- Eslamabad Location within Iran
- Coordinates: 33°41′24″N 48°43′16″E﻿ / ﻿33.69000°N 48.72111°E
- Country: Iran
- Province: Lorestan
- County: Borujerd
- District: Shirvan
- Rural District: Shirvan-e Gharbi

Population (2016)
- • Total: 34
- Time zone: UTC+3:30 (IRST)

= Eslamabad, Borujerd =

Village in Lorestan province, Iran

Eslamabad (اسلام اباد) (Note: Also romanized as Eslāmābād) is a village in Shirvan-e Gharbi Rural District of Shirvan District in Borujerd County, Lorestan province, Iran.

==Demographics==
===Population===
At the time of the 2006 National Census, the village's population was 49 in 10 households, when it was in Shirvan Rural District (Note: Renamed Shirvan-e Sharqi Rural District) of the Central District.
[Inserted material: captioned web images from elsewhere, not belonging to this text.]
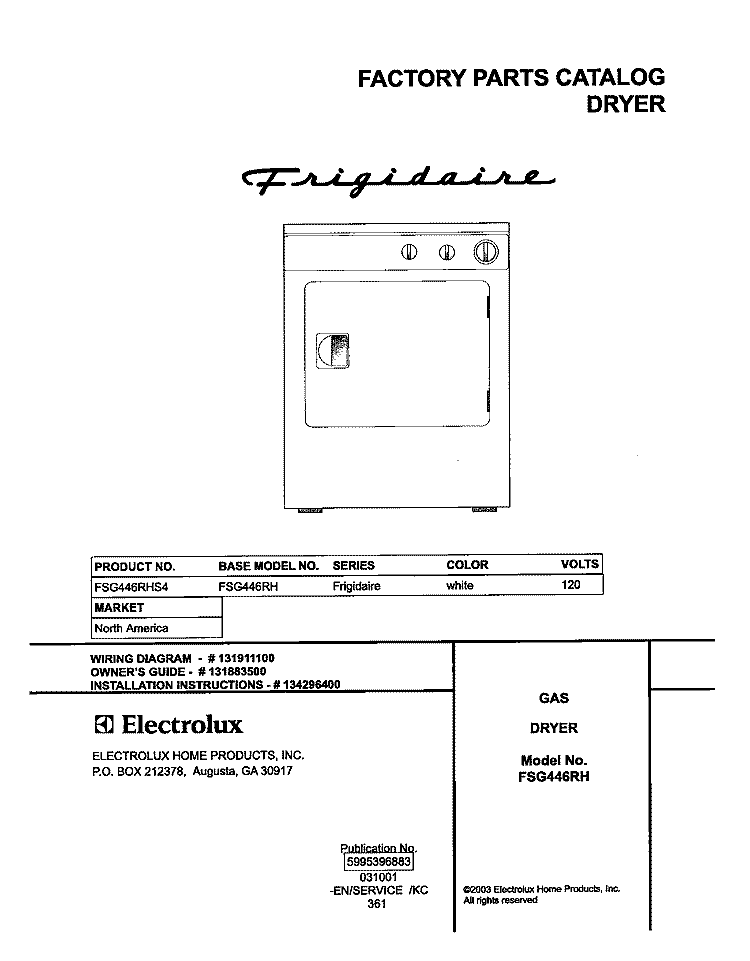 COVER Diagram and Parts List for FSG446RHS4  Frigidaire Dryer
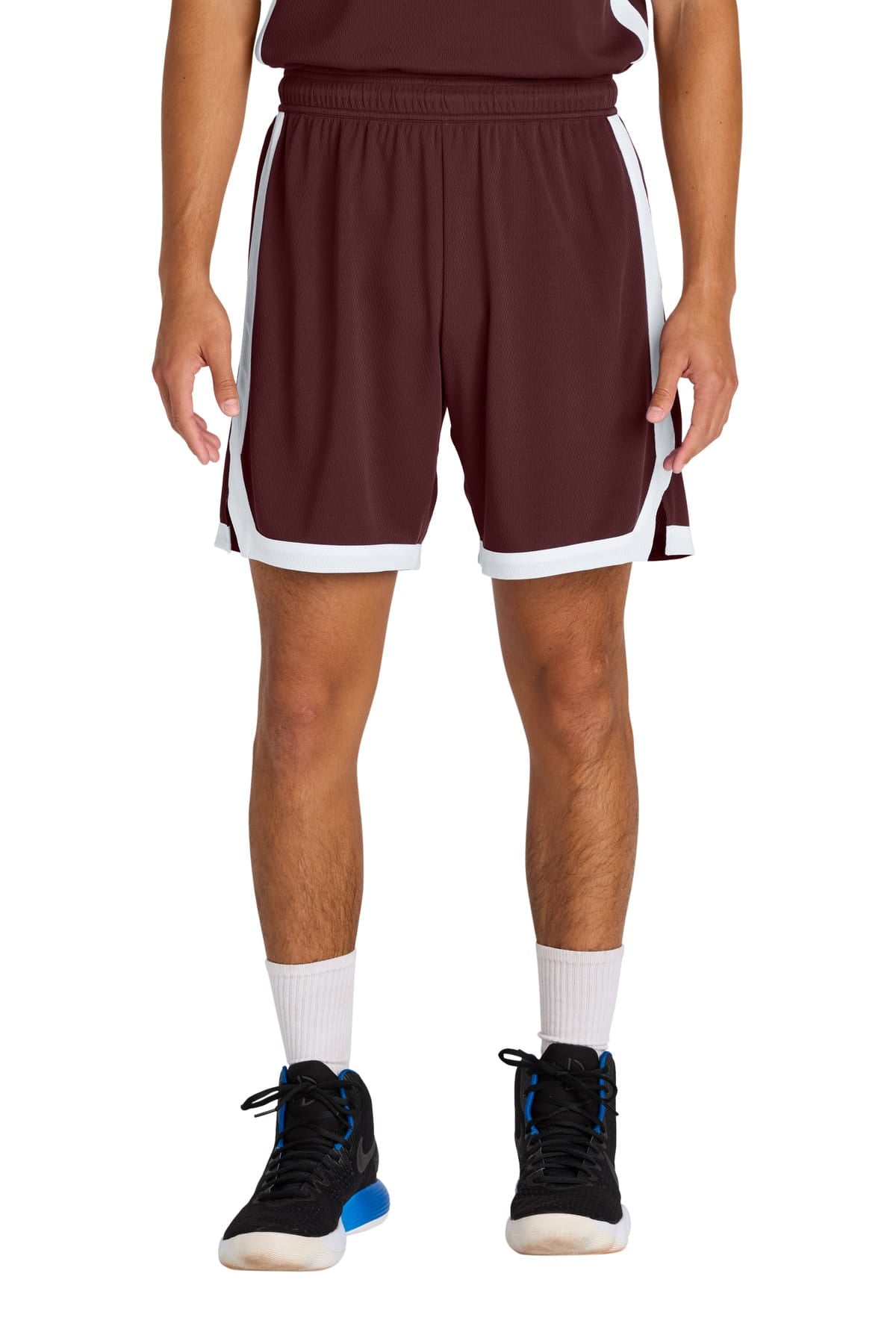 Sport-Tek ST901 XS / Maroon/ White Sport-Tek ST901 Rival Basketball 7-inch Short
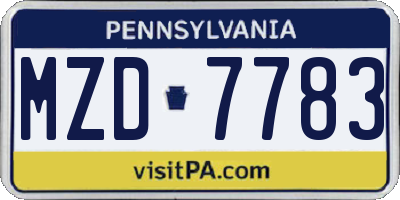 PA license plate MZD7783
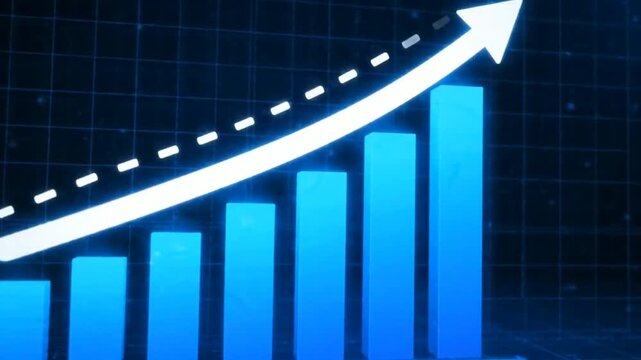 Blue Bar Graph Ascending: A dynamic blue bar graph displays a steady upward trend, with a prominent white arrow signifying growth and success against a digital grid background.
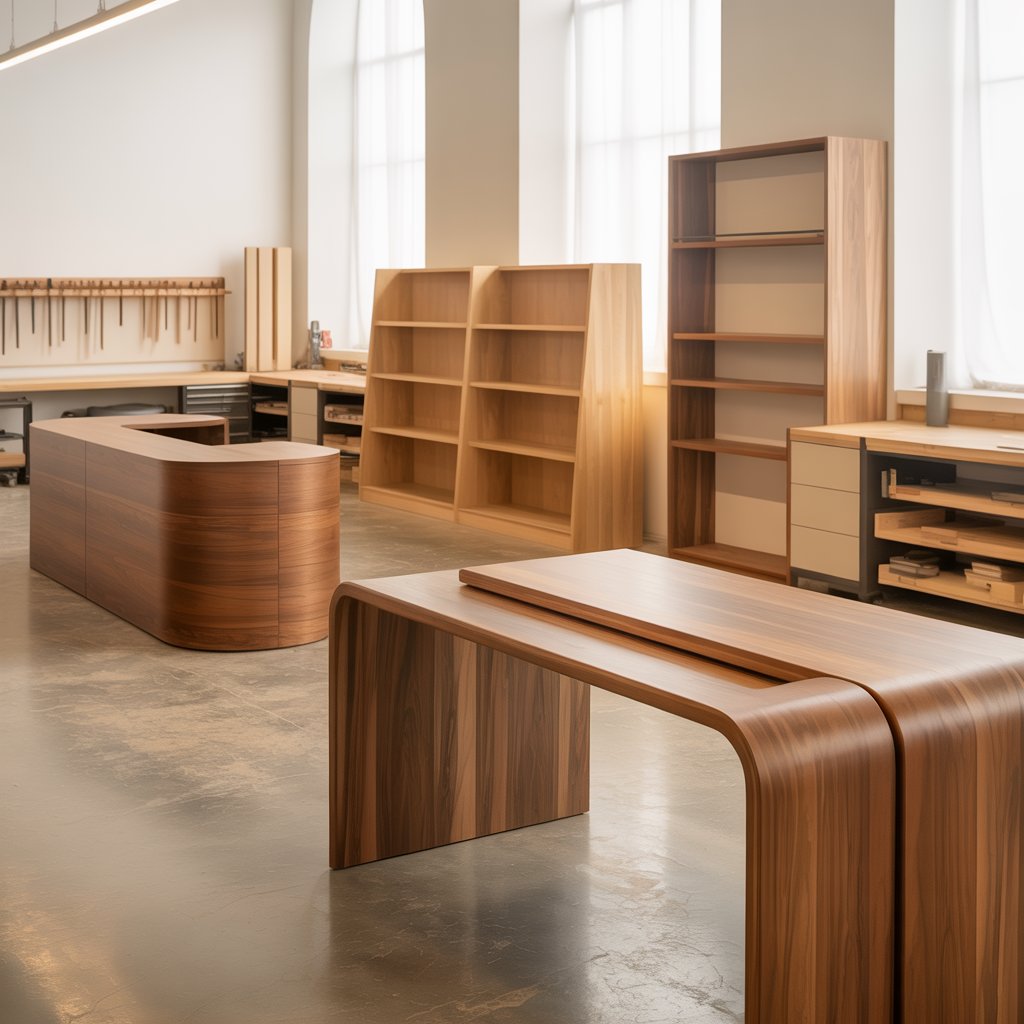 Bureaux contemporains en bois chez Menuiserie MDB Occitanie, atelier moderne lumineux et chaleureux,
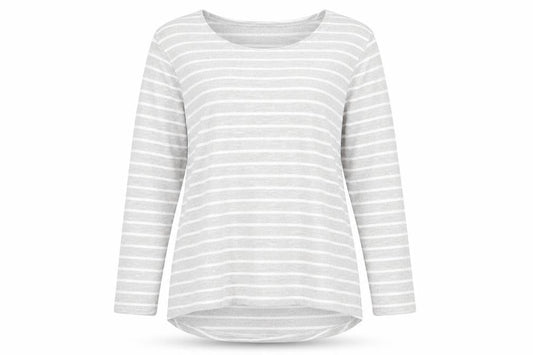 Jessica Graaf Womens Grey Striped Polyester Jersey T-Shirt Size L Round Neck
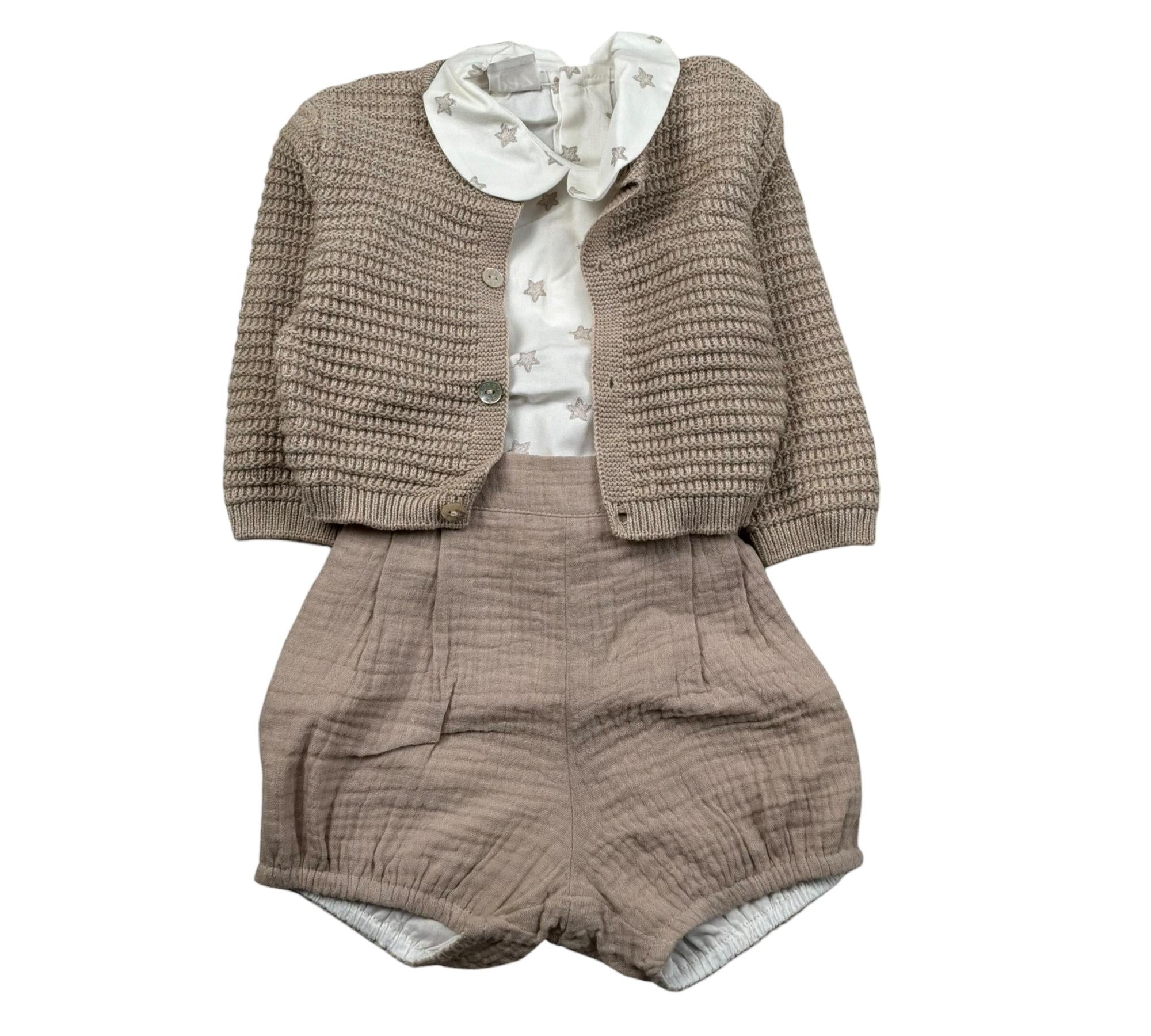 Wedoble Completo 3 Pezzi Camicia-Cardigan-Pagliaccetto per Neonato 006151906 BEIGE WEDOBLE 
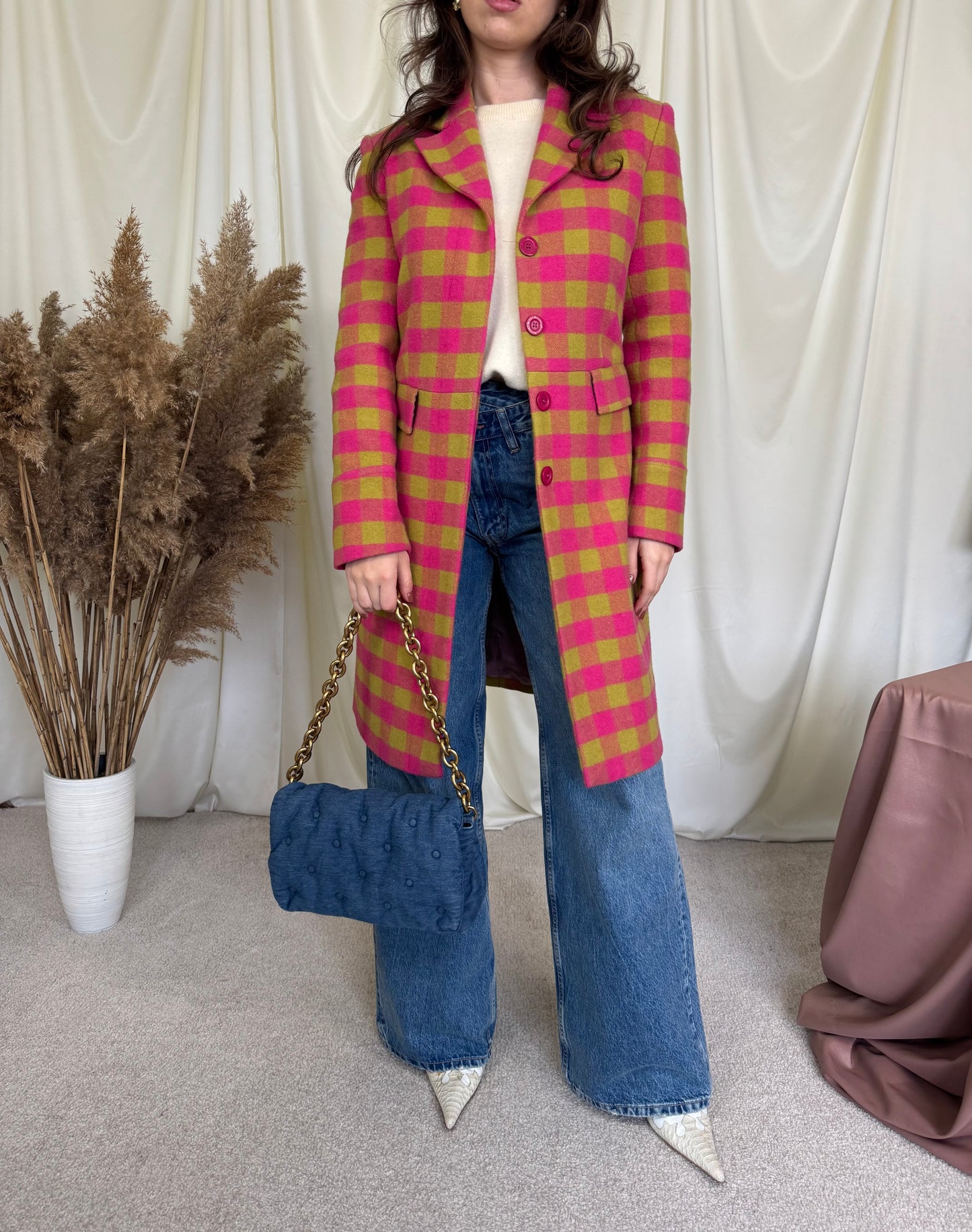 Palton mărimea S, stof lână si mohair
The following census in 2011 counted 45 people in 11 households. The 2016 census measured the population of the village as 34 people in eight households.

In 2021, the rural district was separated from the district in the formation of Shirvan District and renamed Shirvan-e Sharqi Rural District. Eslamabad was transferred to Shirvan-e Gharbi Rural District created in the new district.